As a “plant person” I feel qualified to weigh in on gifts that people who love plants would appreciate. In fact I buy for quite a few “plant-based” kindred spirits. And that’s why I’m telling you that most of the suggested gifts on this list should be avoided at all costs.
The first item that caught my eye was the ugliest pair of shoes I’ve ever seen: gardening clogs made from recyclable hemp plastic in a color that could be called “cardboard box.”
There are also a pair of candles on the list. Candles, by the way, are what you take to a white elephant party, but these aren’t even well suited to that use. The first is a candle that looks like a fennel bulb, which isn’t terrible since it falls under the “quirky” category. But since it is sold out, gift givers will have to resort to the other candle option on the list: a candle that has the “high-intensity fragrance of tomato leaves that evokes the fresh, verdant aroma of vines just before they burst into fruit.”

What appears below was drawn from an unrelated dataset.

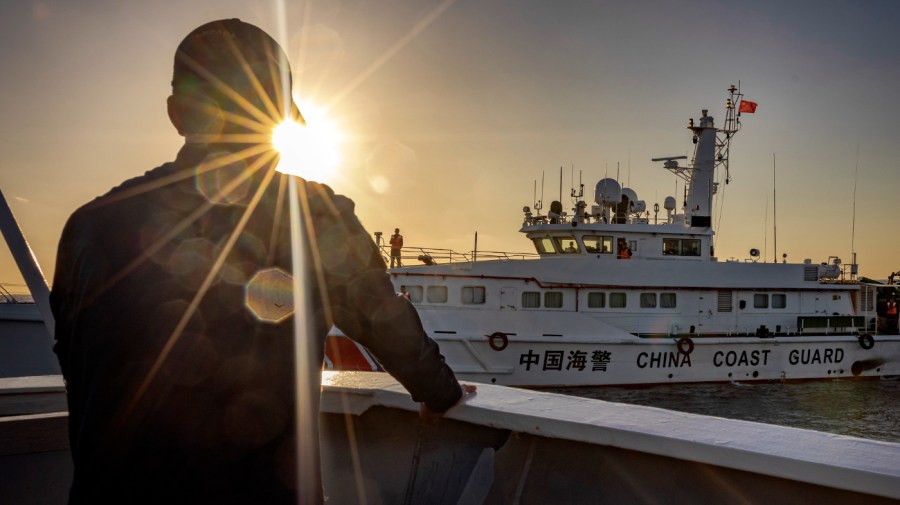 Philippine Coast Guard personnel aboard BRP Sindangan looks on as a Chinese Coast Guard ship sails nearby, during resupply mission to troops stationed at Second Thomas Shoal, on March 05, 2024 in the South China Sea. Philippine and Chinese vessels collided in the high seas, leaving four Filipinos with minor injuries after a supply vessel's windshield was shattered by water cannons, the Philippines said. The incidents happened as the Philippines was conducting a routine resupply mission to troops stationed aboard BRP Sierra Madre, a grounded Navy ship that serves as the country's outpost in Second Thomas Shoal (locally called Ayungin Shoal). (Photo by Ezra Acayan/Getty Images)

I don’t know a lot of people who like the smell of tomato leaves for any reason other than that they signal that a fresh tomato is coming. The largest size of the tomato candle will run you $404 (this is not a typo). For that kind of money you could buy a complete indoor growing setup to grow actual plants so you could enjoy that “verdant” scent AND have tomatoes.
Speaking of scent, you can also pick up cologne called Dirt, made to “smell exactly like the dirt from fields around the Pennsylvania family farm belonging to our founding perfumer.”
Gardeners, of course, know a better way to capture that scent: simply skip the shower after a hard day of digging in the garden. And if that’s not to your partner’s liking, you can use the $75, one-pound block of charcoal soap, also on the gift guide, to clean up.
Not all the ideas in the “plant-based” gift guide are bad. There’s a nice watering can and a kitchen compost bin that is handy to hold food scraps in until you get them to the compost pile.
But if you’re shopping for a real gardener, I’ll let you in on a secret. They only want three things: Plants, garden tools or a load of compost that they don’t have to move themselves.
And, unlike a $404 tomato-foliage candle, there’s zero chance that they will burn your house down.